How would you count every occurrence of a term in all files in the current directory?

command-line files directory grep

7,708

Solution 1

Using grep + wc (this will cater for multiple occurences of the term on the same line):

grep -rFo foo | wc -l

-r in grep: searches recursively in the current directory hierarchy;
-F in grep: matches against a fixed string instead of against a pattern;
-o in grep: prints only matches;
-l in wc: prints the count of the lines;

% tree                 
.
├── dir
│   └── file2
└── file1

1 directory, 2 files
% cat file1 
line1 foo foo
line2 foo
line3 foo
% cat dir/file2 
line1 foo foo
line2 foo
line3 foo
% grep -rFo foo | wc -l
8

Solution 2

grep -Rc [term] * will do that. The -R flag means you want to recursively search the current directory and all of its subdirectories. The * is a file selector meaning: all files. The -c flag makes grep output only the number of occurrences. However, if the word occurs multiple times on a single line, it is counted only once.

From man grep:

  -r, --recursive
          Read all files under each directory, recursively, following symbolic links only if they are on the command line.
          This is equivalent to the -d recurse option.

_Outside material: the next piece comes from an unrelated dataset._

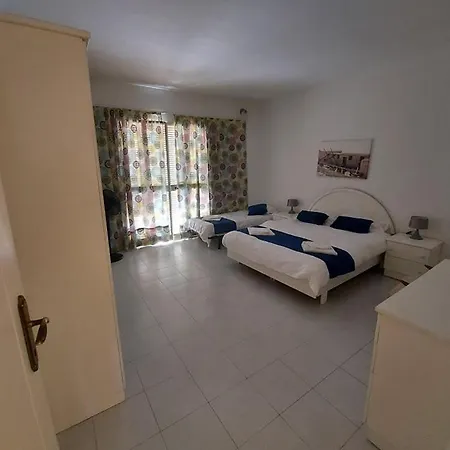 Spinola Bay Sea Front 6 *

   -R, --dereference-recursive
          Read all files under each directory, recursively.  Follow all symbolic links, unlike -r.

If you have no symbolic links in your directory, there is no difference.

Solution 3

As a variant of @kos's nice answer, if you are interested in itemizing the counts, you can use grep's -c switch to count occurrences:

$ grep -rFoc foo
file1:3
dir/file2:3

Solution 4

In a small python script:

#!/usr/bin/env python3
import os
import sys

s = sys.argv[1]
n = 0
for root, dirs, files in os.walk(os.getcwd()):
    for f in files:
        f = root+"/"+f      
        try:
            n = n + open(f).read().count(s)
        except:
            pass
print(n)

Save it as count_string.py.

Run it from the directory with the command:

  python3 /path/to/count_string.py <term>

Notes

If the term includes spaces, use quotes.
It counts every occurence of the term recursively, also if multiple occurences in one line.

Explanation:

# get the current working directory
currdir = os.getcwd()
# get the term as argument
s = sys.argv[1]
# count occurrences, set start to 0 
n = 0
# use os.walk() to read recursively
for root, dirs, files in os.walk(currdir):
    for f in files:
        # join the path(s) above the file and the file itself
        f = root+"/"+f
        # try to read the file (will fail if the file is unreadable for some reason)
        try:
            # add the number of found occurrences of <term> in the file
            n = n + open(f).read().count(s)
        except:
            pass
print(n)

View more solutions

7,708

TellMeWhy

I Wonder

Updated on September 18, 2022

Comments

TellMeWhy almost 2 years

How would you count every occurrence of a term in all files in the current directory? - and subdirectories(?)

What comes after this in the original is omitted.